Obviously there are limits to everything; you can prefer heavier mice but a mouse that weighs over two pounds isn’t gonna be ideal for precise aiming, for example. Aside from obvious factors it’s all down that what you prefer however.
In general, we’d say that the most important factors to consider (aside from the sensor) are shape and size. A mouse can have everything going for it, but if it doesn’t fit your hand or grip style then you won’t be performing at your top level with it, no matter how much you’d want to.
For all of these reasons the journey for the ‘endgame’ mouse is a difficult one for most people. There are so many factors to consider and so many options out there that it can be really hard to see the forest for the trees, and once you’ve found a mouse that you really, really like some company out there will come out with a new product that piques your interest and the adventure starts all over again.
Top 5 Mice for Competitive Gaming
For this list we’ve been taking a look at what the pros are using. To make it easier to read (and to avoid having to give away multiple spots to what’s essentially the same mouse in a different size) we’ve bundled mice from the same series together.
In this list we’ll give you a rundown on the features of each mouse, as well as detail what the differences between the available version are (if applicable) so that you can hopefully get a clear view of what these mice offer.

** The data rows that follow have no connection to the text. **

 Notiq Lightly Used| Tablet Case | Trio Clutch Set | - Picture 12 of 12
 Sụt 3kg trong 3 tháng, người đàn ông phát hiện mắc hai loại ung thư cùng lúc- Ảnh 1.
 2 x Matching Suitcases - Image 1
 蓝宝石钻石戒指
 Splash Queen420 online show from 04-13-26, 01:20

As if choosing the right mouse wasn’t hard enough in and of itself there are also a couple of stubborn myths surrounding gaming mice that we want to discuss here before getting into the thick of things. These are statements that you see a lot, be it in marketing materials or on internet forums, so in the interest of informing our readers as adequately as possible we’ll go over them briefly.
Higher DPI = Better Mouse
FALSE. One of the most common marketing strategies to market a mouse is to advertise insanely high DPI (Dots Per Inch) counts, but the truth is that those extremely high DPI counts are all but worthless. In reality no one will use a sensor at max DPI because that simply makes aiming impossible and extremely high DPI settings can introduce smoothing and other issues, even on top sensors. The pros obviously know this; just under 3% of our analyzed gamers set their DPI higher than 1600 and not a single analyzed pro uses a DPI higher than 4000.
We generally recommend to keep your DPI at 1600 or lower to prevent any issues. You can of course always fine tune your actual sensitivity in the game’s settings.
Wireless mice are never an option
FALSE. This used to be true right up until a couple of years ago, but these days there are wireless options out there that offer a lag-free experience without any connection dropouts or other performance-limiting shenanigans. Not every wireless mouse is the same but there are definitely options out there that are as good as their wired counterparts.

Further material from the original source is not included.